Longinotto has found a fascinating subject in Italian photographer Letizia Battaglia whose bold and self-assured personality made her stand out in provincial, patriarchal Palermo, Sicily even before she made her mark photographing the mafia, those it murdered and the devastating aftermath of its violence, leaving survivors in grief and communities decimated by bloodshed and rampant corruption.

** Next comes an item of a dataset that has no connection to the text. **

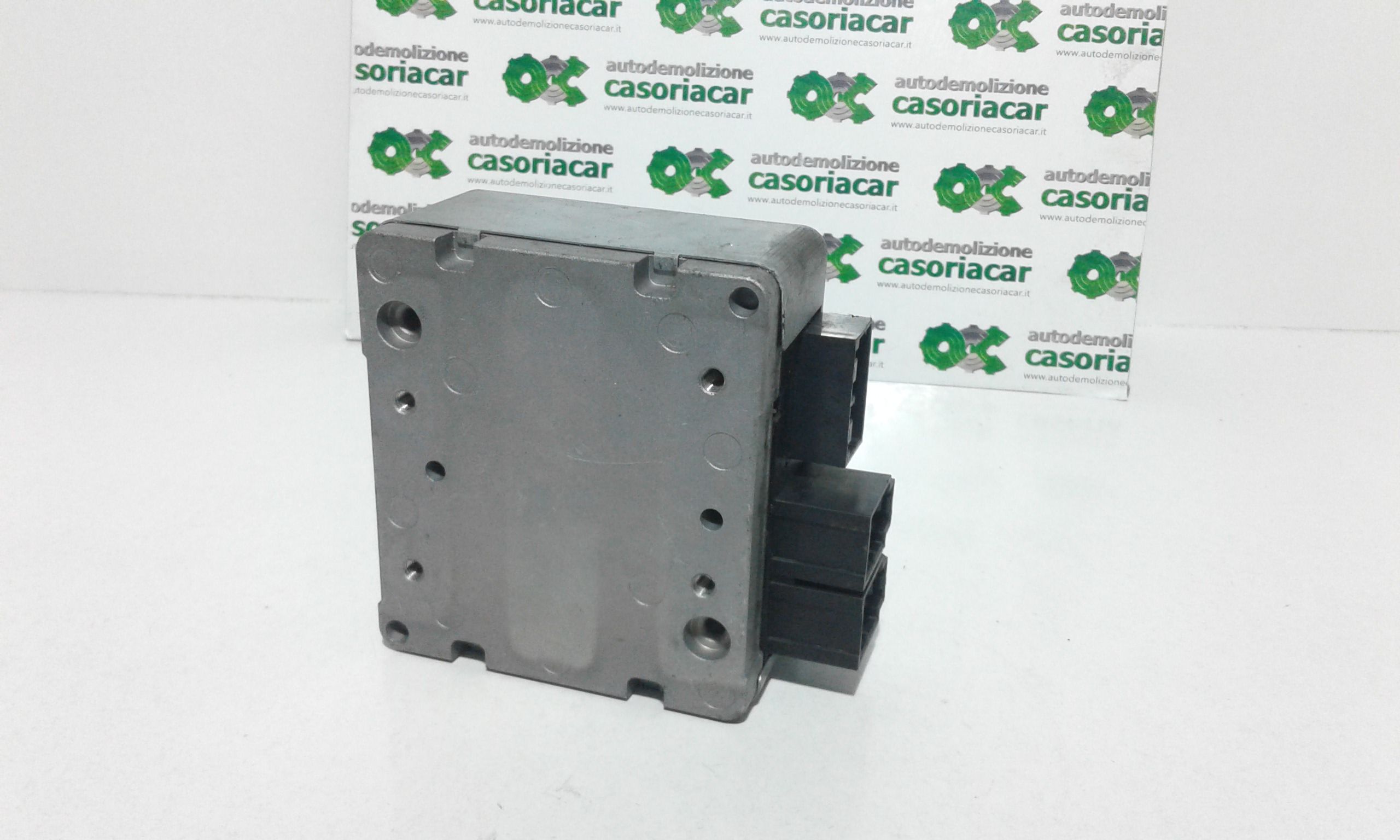 Centralina Servosterzo SUZUKI Swift 4 Serie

Shooting the Mafia is about Battaglia’s career and life; it’s rich with lively and revealing interviews, especially with the larger than life Battaglia herself. But it’s also about the reign of terror that the Sicilian mob held over Palermo and other nearby towns such as Corleone for hundreds of years. In Battaglia’s role as a journalist — she didn’t begin her career until she was 40— she photographed gruesome mob murders during the 1970s, one of the bloodiest periods when, she says, there were sometimes five murders a day in Palermo. Her stark, black and white images of corpses strewn on the street, of bodies under bloodied sheets and the placid faces of onlookers, of mothers screaming, of tight-lipped witnesses, of children living in dire poverty because of rampant mafia corruption, are powerful testimony and gripping works of art and documentation. It made Battaglia an enemy of the mob but she remained undeterred.

There is nothing glamorous or “honorable” about the thugs we see in Shooting the Mafia. Battaglia points out, and has the grim photographs to prove it, that along with other criminals they killed in cold blood women and children who witnessed their crimes. They blew to bits via car bombs the judges who had the courage to try to prosecute them.

The film reveals the personal cost to all who stood up to the mob. Battaglia, who was threatened for years, talks about the photos she did not take because they were too harrowing, but how those images live in her heart and head. These include the ‘80s mob slayings of two dedicated reformist judges who tried, with some success, to prosecute the mafia but who paid the ultimate price. Besides a compelling portrait of Battaglia and the forces she stood up to in Sicily, Shooting the Mafia is chilling, timely piece of journalism about the far reaching tentacles of corruption and how it systematically ruins innocent lives and decimates societies. It is a chilling, powerful film with contemporary relevance.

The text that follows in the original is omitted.